• DESCRIPTION OF THE TASK
When you reach the line below that has "The engine fan illuminates", start returning lines exactly, and stop after the line that has "Roland OnSupport then"; skip the pictures.

[Source records]

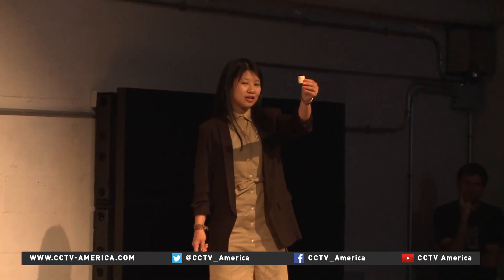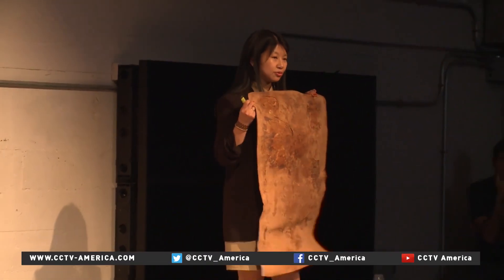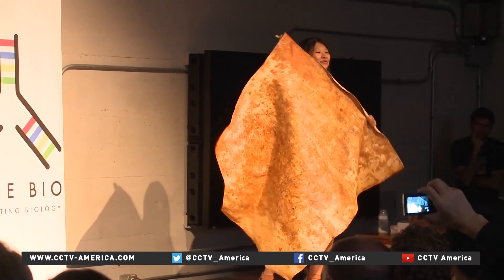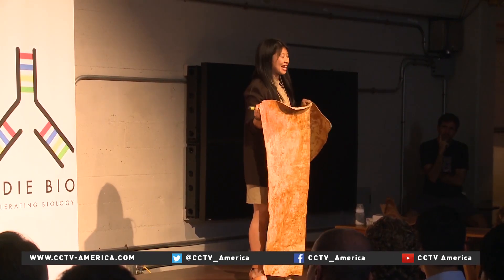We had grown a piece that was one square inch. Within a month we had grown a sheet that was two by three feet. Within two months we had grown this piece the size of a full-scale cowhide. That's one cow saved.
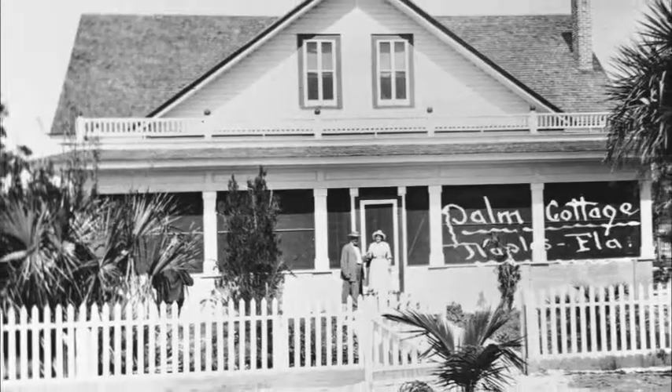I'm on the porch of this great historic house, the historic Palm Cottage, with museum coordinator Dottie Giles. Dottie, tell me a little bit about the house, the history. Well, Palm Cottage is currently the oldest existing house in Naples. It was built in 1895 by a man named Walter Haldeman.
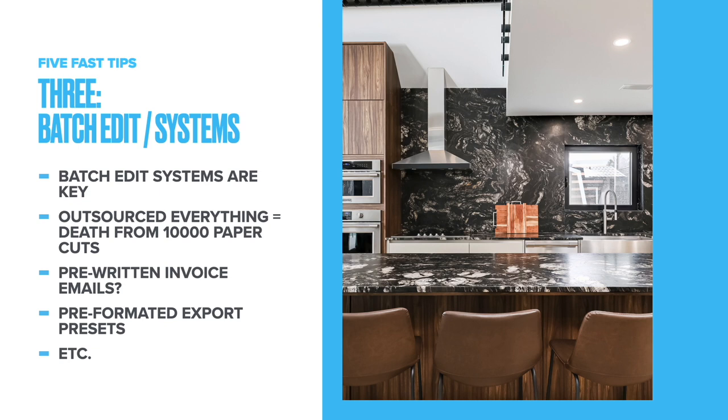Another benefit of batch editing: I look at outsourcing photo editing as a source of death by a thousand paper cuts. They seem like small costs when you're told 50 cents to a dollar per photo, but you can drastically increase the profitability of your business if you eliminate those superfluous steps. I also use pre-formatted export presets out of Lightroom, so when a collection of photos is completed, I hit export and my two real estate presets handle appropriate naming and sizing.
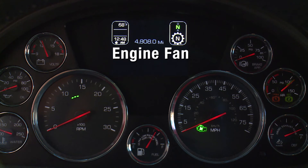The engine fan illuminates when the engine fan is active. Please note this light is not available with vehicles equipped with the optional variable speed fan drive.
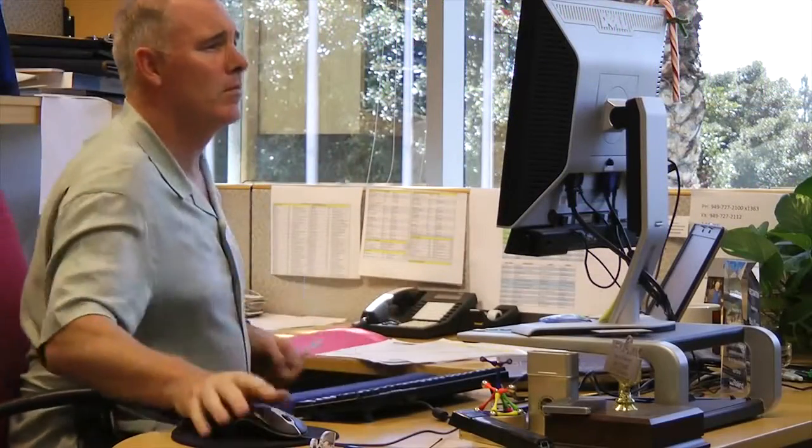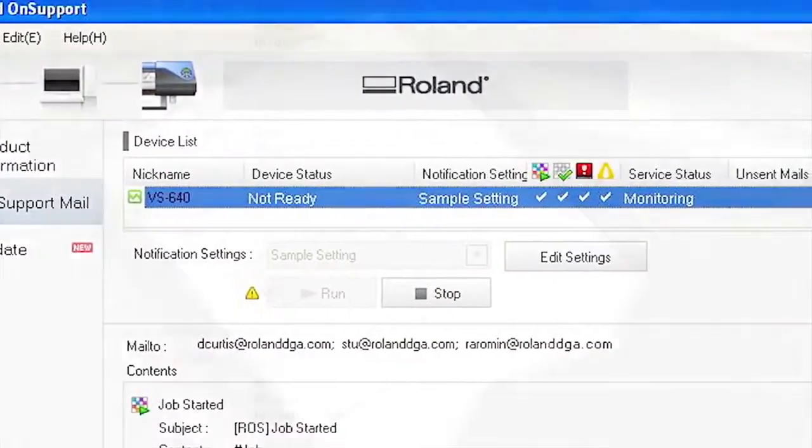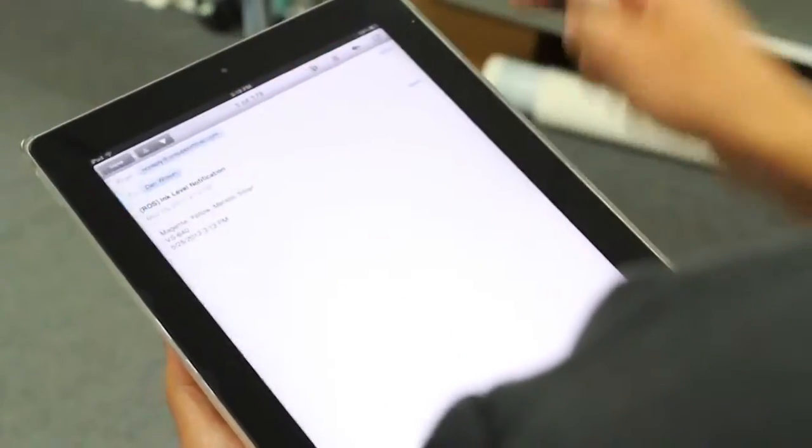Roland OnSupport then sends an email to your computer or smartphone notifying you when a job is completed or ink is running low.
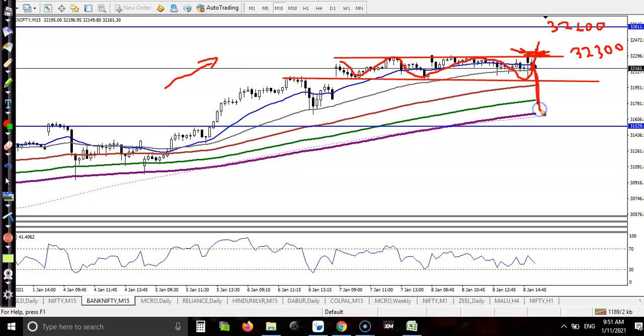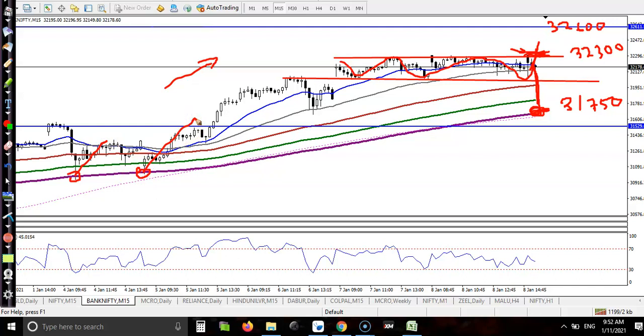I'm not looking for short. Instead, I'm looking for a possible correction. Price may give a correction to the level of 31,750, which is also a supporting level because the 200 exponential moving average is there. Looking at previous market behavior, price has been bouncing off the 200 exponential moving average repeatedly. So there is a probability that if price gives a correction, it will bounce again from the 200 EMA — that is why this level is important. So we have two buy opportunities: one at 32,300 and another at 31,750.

• RESPONSE BELOW
The engine fan illuminates when the engine fan is active. Please note this light is not available with vehicles equipped with the optional variable speed fan drive.
Roland OnSupport then sends an email to your computer or smartphone notifying you when a job is completed or ink is running low.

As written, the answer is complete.